DATA SUPPLIED –
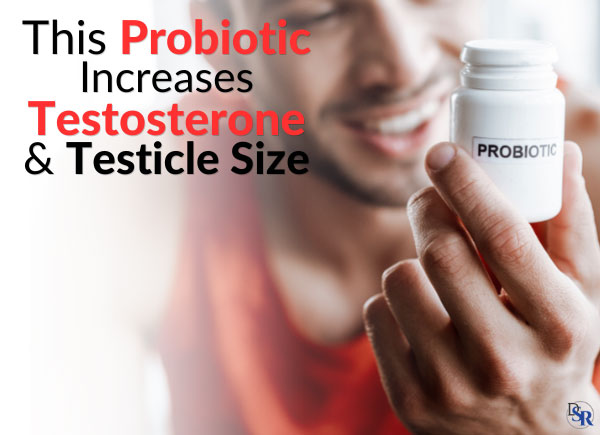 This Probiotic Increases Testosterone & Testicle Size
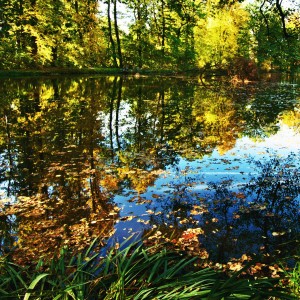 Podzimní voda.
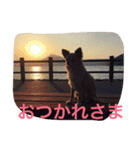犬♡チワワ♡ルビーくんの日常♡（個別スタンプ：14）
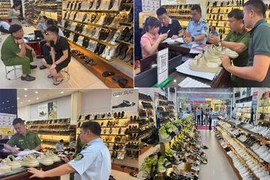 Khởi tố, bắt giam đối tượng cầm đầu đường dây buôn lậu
==
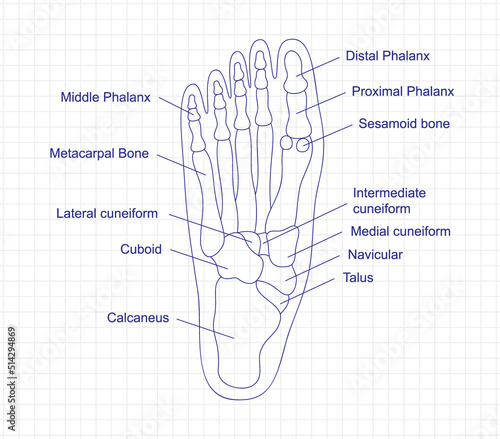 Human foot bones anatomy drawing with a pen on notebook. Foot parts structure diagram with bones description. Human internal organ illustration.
--
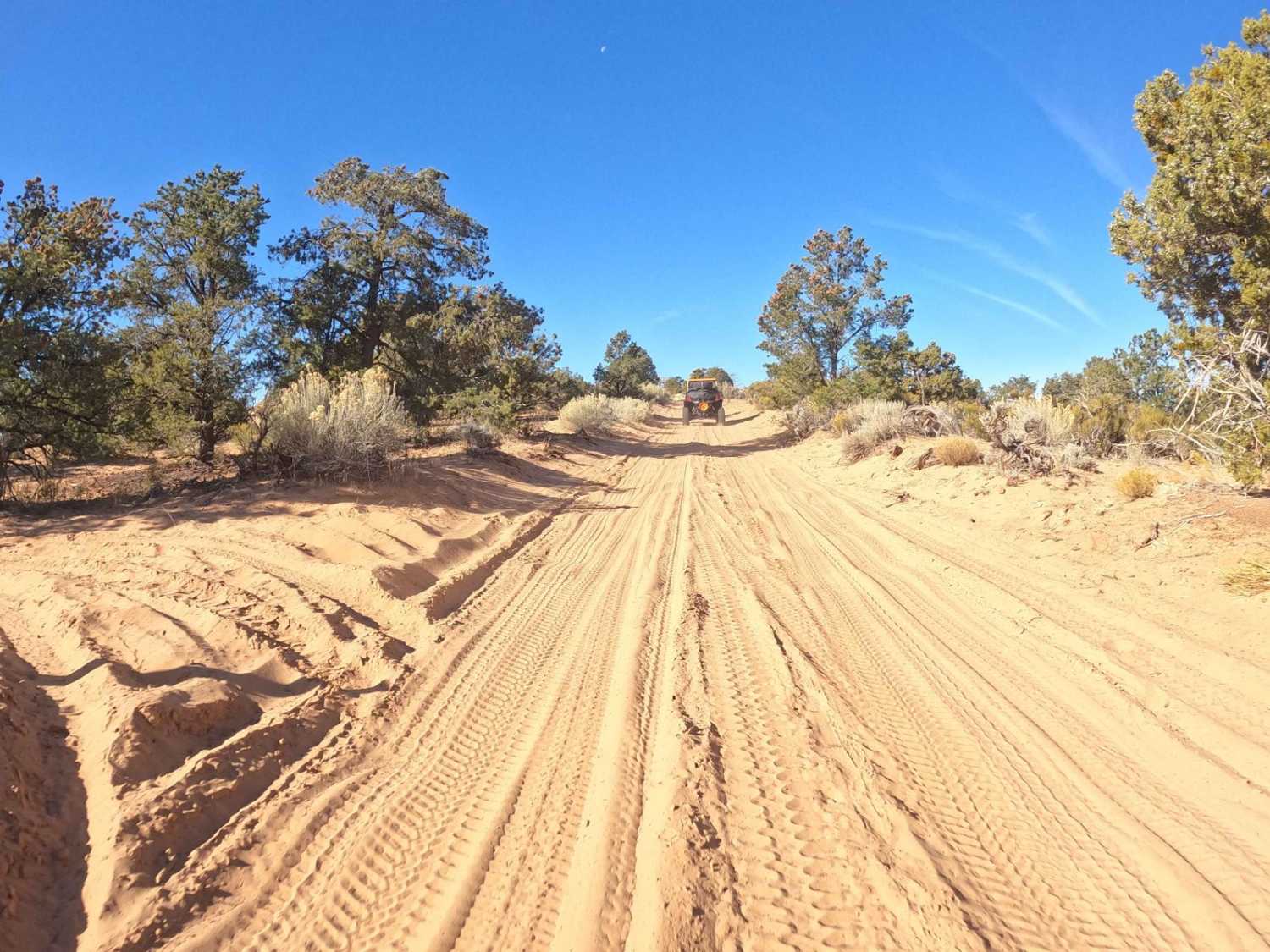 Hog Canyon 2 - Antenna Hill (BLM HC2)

INSTRUCTIONS TO FOLLOW – Give again the stretch of lines above from the one with "犬♡チワワ♡ルビーくんの日常♡（個別スタンプ：14）" through the one with "Khởi tố, bắt", both ends kept, and copy no pictures.

RESPONSE –
犬♡チワワ♡ルビーくんの日常♡（個別スタンプ：14）
 Khởi tố, bắt giam đối tượng cầm đầu đường dây buôn lậu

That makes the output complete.